I can't think about it the most, and if I think about these things, I am afraid to cry out. Since we are all living beings in the world, how can we not move for fame and fortune? Which parent does not want his child to be a leader? To get ahead, there is only hard work. The pressure of learning is big, I have worked very hard, but fortunately, the teachers here are good to me. Ugh! Really don't write this anymore, ok! Still write some happiness! When you took me to the army last time, I saw the pool on the edge of my childhood. The road, the playground, the mountain, my mind couldn’t help but recall the fishing with the little friend Liu Xiaolong. How happy it is! I followed him all the time, and I read some jingles he taught me.

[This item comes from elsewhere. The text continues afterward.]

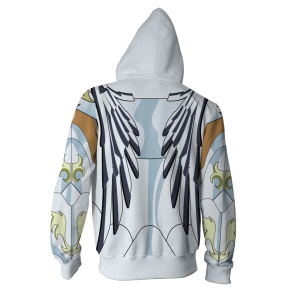 Saint Seiya Pegasus Seiya Pegasus God Cloth Cosplay Zip Up Hoodie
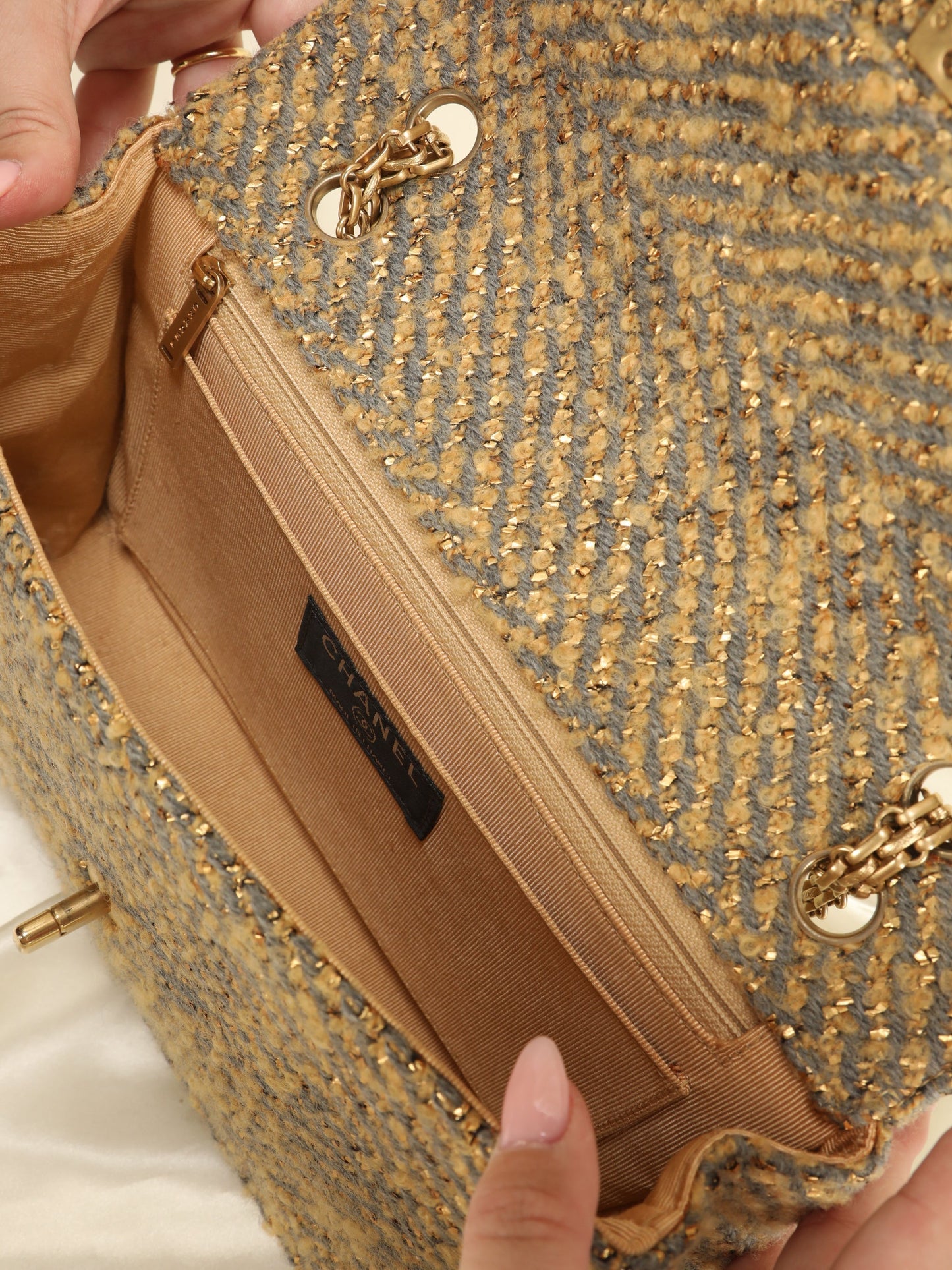 Extremely Rare Chanel Tweed Bijoux Bag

Deliberately put the shoes on the water, and dirty the clothes in the mud, the grandmother wants me to clean and hold me with a stick every day, but I can't catch up with me. Even sometimes it’s a prank, and some parents come to the door to complain... That day is really happy! Can you still think of it?

All right! Just write so much! It’s much better to write it out. Write this letter, please don't think too much about me, I will take care of myself. I am a sentimental person, and more words are still waiting to go home to dictate. There may be some typos in the text, not that I don't want to pick it out, but I can't bear to read it again.

The heart is too painful and too happy!

I wish my father and mother good health!